Kittiwee said huffily, “Well, sir, I’m sure we were very busy round the supper table at the far end of the hall and, personally speaking, I didn’t take notice to anythink but my work. However, sir, I do call the incident to mind because of a remark that was passed.”
“Oh?” Hilary glanced at Cressida who didn’t open her eyes.
“I asked him,” she said, “if his bloody cats were shut up.”
“Yes, I see.”
Mrs. Forrester adjusted her thick-lensed spectacles to look at Cressida.
“The thing is,” Hilary hurried on, “did any of you happen to notice Moult when he came out of the cloakroom there? After Miss Tottenham? Because he must have come out and he ought to have gone up the right-hand flight of the stairs to the Colonel’s room and then returned to help with the children.”
Hilary’s reference to the stairs caused his audience to shift their attention to them and discover Troy.
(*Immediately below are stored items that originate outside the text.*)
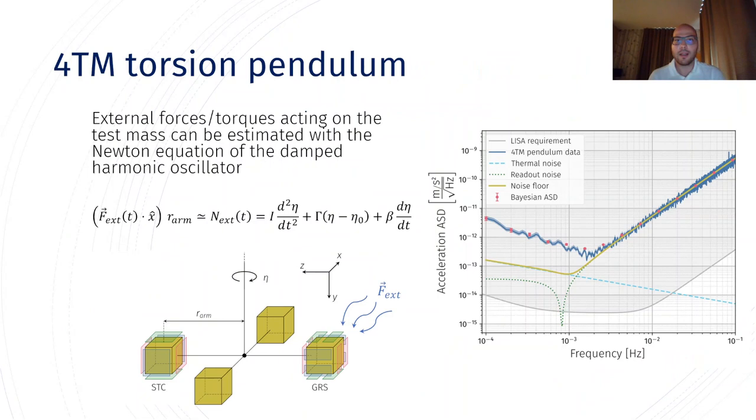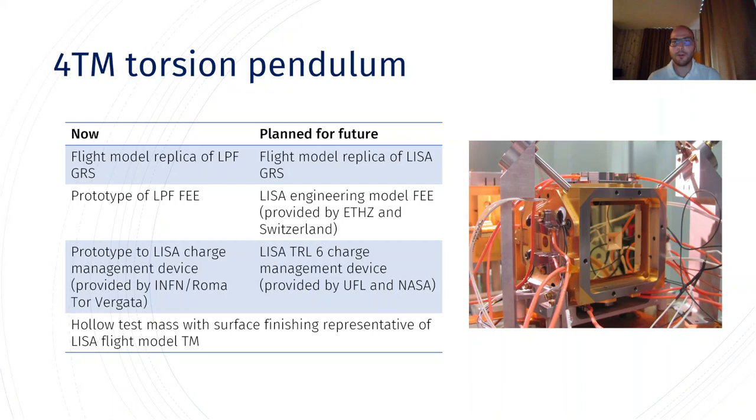External forces can be measured from the oscillation of the pendulum via the Newton equation of the harmonic oscillator. The acceleration equivalent sensitivity of our torsion pendulum for the LISA test mass is depicted on the right. At high frequency we are limited to the readout noise, and at low frequency we are limited to real force disturbances on the torsion pendulum. The characteristic of our four test mass torsion pendulum facility is that it replicates very accurately the geometry around the LISA test masses.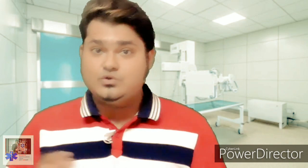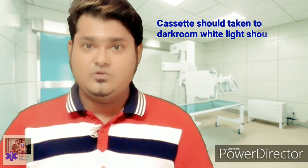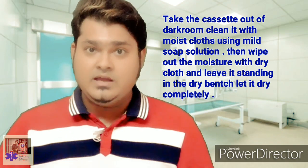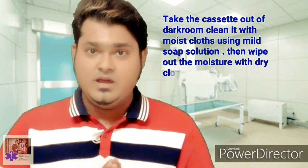To clean the cassette: the cassette contains two white screens which should not be scratched and must be kept away from chemicals, as spots on the screen produce confusing shadows that interfere with diagnostic interpretation. Take the cassette into the dark room, turn off the white light, and turn on the safe light. Open the cassette, remove the film and place it in the film box, then take the cassette out of the dark room. Wipe it with a mild solution, wipe off the extra moisture, and leave the cassette standing upright on a dry bench to dry completely.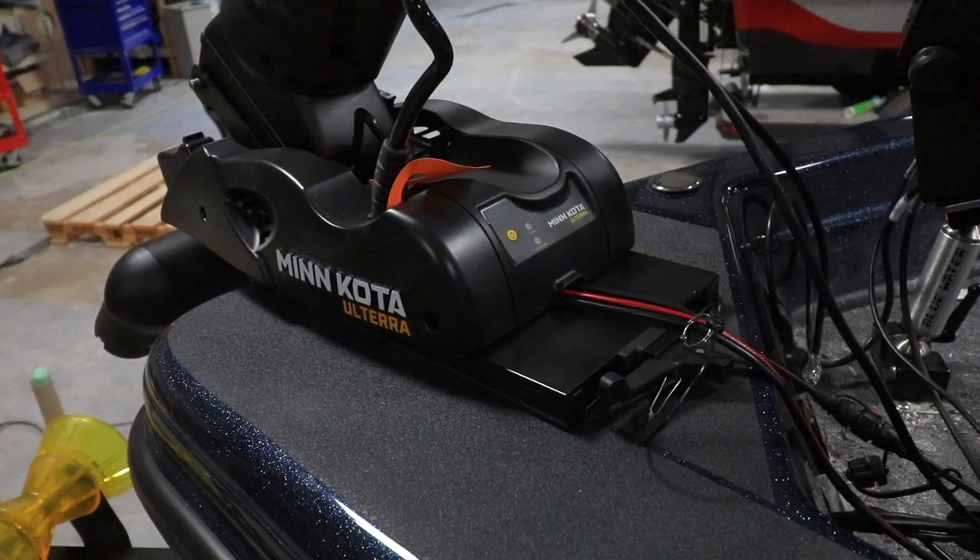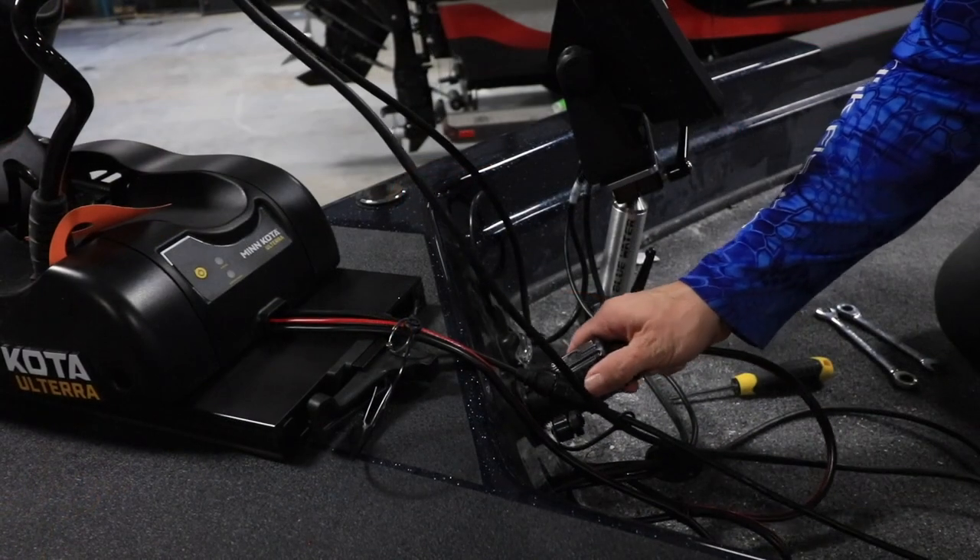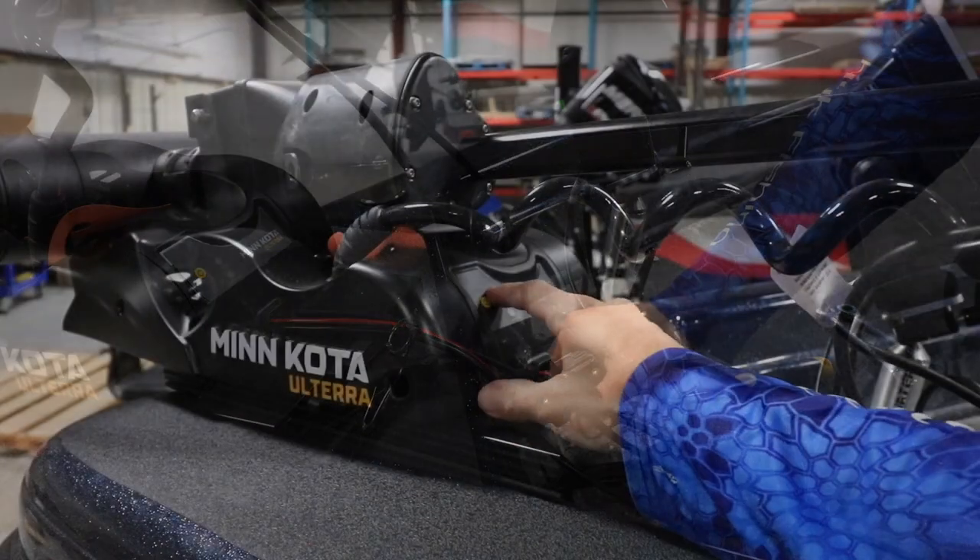Now, disconnect the Ulterra from power. Then reconnect to power and turn the motor on.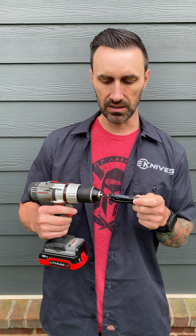What's up guys, Clay with eKnife. I'm going to show you a little trick, because I get a ton of emails and calls and questions about removing the glass breaker on an OTF. This is a Microtech UTX85. They don't sell a glass breaker tool, but I actually have some coming — but here's a trick you can do in the meantime.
Mrs. Forrester ejaculated: “Has he—?” and Troy said quickly, “No. Not a sign. The Colonel’s quite all right and fast asleep.”
Nobody, it transpired, had seen Moult come out of the cloakroom or go anywhere. Kittiwee again pointed out that the hall was large and dark and they were all very busy. When asked if they hadn’t wondered why Moult didn’t turn up to do his job, Blore replied with unmistakable spitefulness that this didn’t surprise them in the least.
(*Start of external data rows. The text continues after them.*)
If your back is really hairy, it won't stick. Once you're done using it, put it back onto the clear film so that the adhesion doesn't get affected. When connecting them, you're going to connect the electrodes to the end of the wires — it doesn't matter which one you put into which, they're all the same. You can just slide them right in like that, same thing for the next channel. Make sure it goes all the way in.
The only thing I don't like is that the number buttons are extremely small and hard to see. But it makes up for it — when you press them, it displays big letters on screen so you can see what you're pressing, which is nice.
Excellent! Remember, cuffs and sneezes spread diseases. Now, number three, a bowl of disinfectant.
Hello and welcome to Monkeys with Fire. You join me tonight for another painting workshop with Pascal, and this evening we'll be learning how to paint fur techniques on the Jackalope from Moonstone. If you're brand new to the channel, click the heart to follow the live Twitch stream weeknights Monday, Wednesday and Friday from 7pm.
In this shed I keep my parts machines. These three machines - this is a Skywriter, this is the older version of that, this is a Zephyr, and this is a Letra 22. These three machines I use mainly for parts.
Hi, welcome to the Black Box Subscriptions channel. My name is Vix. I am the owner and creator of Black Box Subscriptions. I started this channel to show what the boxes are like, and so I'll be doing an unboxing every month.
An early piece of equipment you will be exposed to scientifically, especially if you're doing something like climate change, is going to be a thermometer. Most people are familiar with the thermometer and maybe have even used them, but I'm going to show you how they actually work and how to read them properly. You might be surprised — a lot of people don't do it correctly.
“Why?” Mrs. Forrester barked.
Kittiwee simpered and Blore was silent. One of the women tittered.
Mr. Smith removed his cigar from his mouth. “Was ’e sozzled?” he asked of nobody in particular, and as there was no response added, “What I mean, did ’e take a couple to celebrate ’is triumph?”
“That’s a point,” Cressida conceded. She opened her eyes. “He was in a tizzy about going on for the part. It was pretty silly, really, because after all — no dialogue. Round the tree, business with arms, and off. Still, he was nervous. And when I fixed his whiskers I must say it was through a pretty thick Scotch mist.”
“There y’are,” said Mr. Smith.
“Aunt Bed — does Moult sometimes —?”
“Occasionally,” said Mrs. Forrester.
“I think he had it on him,” Cressida said. “That’s only my idea, mind. But he sort of patted himself — you know?”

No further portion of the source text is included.